First thing to check is the Statistics->Endpoints menu item. It will open a windows with several tabs and a list of all the endpoint of the connections made. We should flag the checkbox "Name resolution" for an easier reading. Also we don't need the Ethernet protocol to be flagged, as Ethernet refers to a lower network layer not interesting for our investigation, or at least not at this point.
Here you will find all the endpoints that the browser contacted while idle.
Besides seeing that Chromium (this is the version in the Debian repositories) is making a lot of different connections, it is even more interesting to notice that in the UDP tab we can easily see that it bypassed the system dns with what seems to be DoH. This pictures were taken as example and were taken from my laptop where i already used and reconfigured chromium, so it is NOT a real audit, but just an example of it.
Conclusions
This method can be used to monitor the network activity of any software: from the web browser to the email client (I invite you to run this audit on Mozilla Thunderbird and I can guarentee you that you will shower in a fetal position after seeing the results).
Being Open Source or Free Software does not mean that it is necessarily going to respect your privacy and/or dignity, especially if noone looks into it.
A software can very well be Free Software and contain a piece of code that connects to a server revealing that the user just open the browser, or even worse, identify the user, and have some unknown company building a user profile without permission (IMHO =ILLEGAL).
Other ways
Proxychains
When I want to quickly check a software for background network connections or see if it phones home, without setting up network namespaces, I use proxychains.

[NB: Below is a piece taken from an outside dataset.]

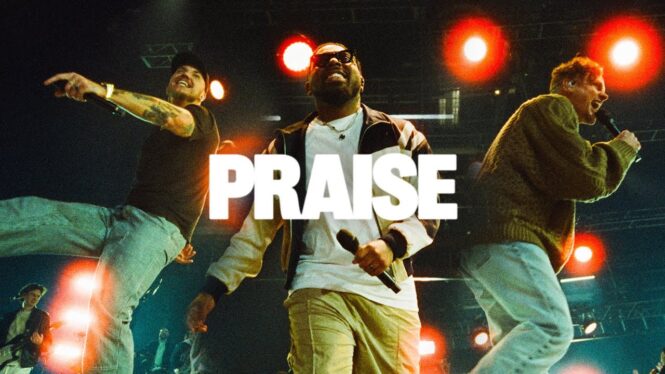 Elevation Worship Notches Fourth Christian Airplay Chart No. 1 With ‘Praise’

It is not accurate but it gives an idea on connections generated by the software tested.
To accomplish this the user will have to install Tor and Proxychains because Proxychains will use tor if not differently configured.

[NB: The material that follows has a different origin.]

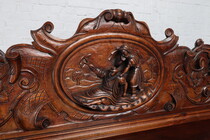 Spanish Renaissance Sideboard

apt install tor proxychains
Then run the binary via terminal ths following way:
➜ ~ proxychains chromium
ProxyChains-3.1 (http://proxychains.sf.net)
[323370:323370:1222/103326.275942:ERROR:policy_logger.cc(156)] :components/enterprise/browser/controller/chrome_browser_cloud_management_controller.cc(161) Cloud management controller initialization aborted as CBCM is not enabled. Please use the `--enable-chrome-browser-cloud-management` command line flag to enable it if you are not using the official Google Chrome build.

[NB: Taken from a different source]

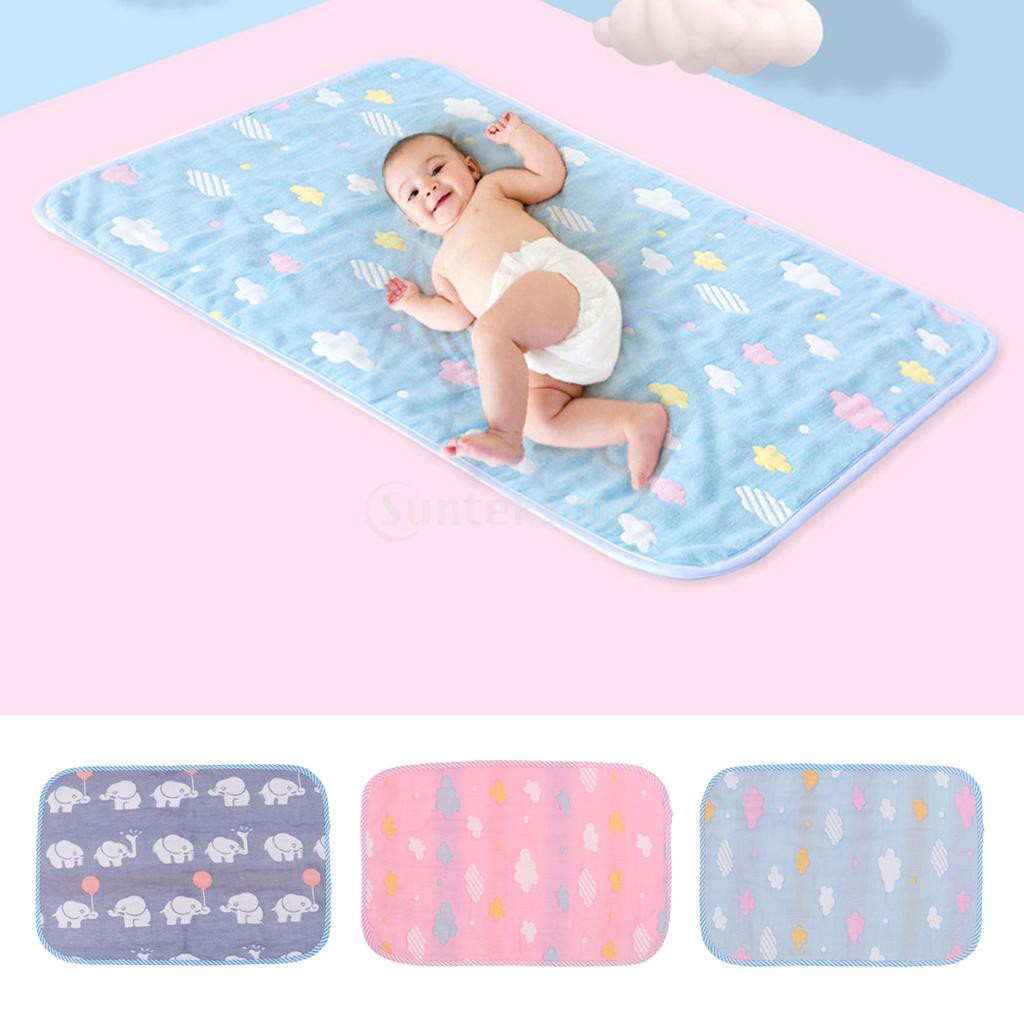 baby waterproof changing pad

|S-chain|-<>-127.0.0.1:9050-<><>-40.114.177.156:443-<><>-OK
|S-chain|-<>-127.0.0.1:9050-<><>-74.125.71.84:443-[323370:323398:1222/103326.761051:ERROR:nss_util.cc(357)] After loading Root Certs, loaded==false: NSS error code: -8018
<><>-OK
|S-chain|-<>-127.0.0.1:9050-<><>-172.217.18.99:443-<><>-OK
|S-chain|-<>-127.0.0.1:9050-<><>-192.168.1.4:8009-<--denied
|S-chain|-<>-127.0.0.1:9050-<><>-192.168.1.4:8009-<--denied
|S-chain|-<>-127.0.0.1:9050-<><>-142.250.184.202:443-<><>-OK
|S-chain|-<>-127.0.0.1:9050-<><>-192.168.1.4:8009-<--denied
Strace
It is possible to use strace to inspect the network activity of a command, although it is quiet verbose, and the output of strace cannot be used in wireshark to get statistical data or quick list of endpoints.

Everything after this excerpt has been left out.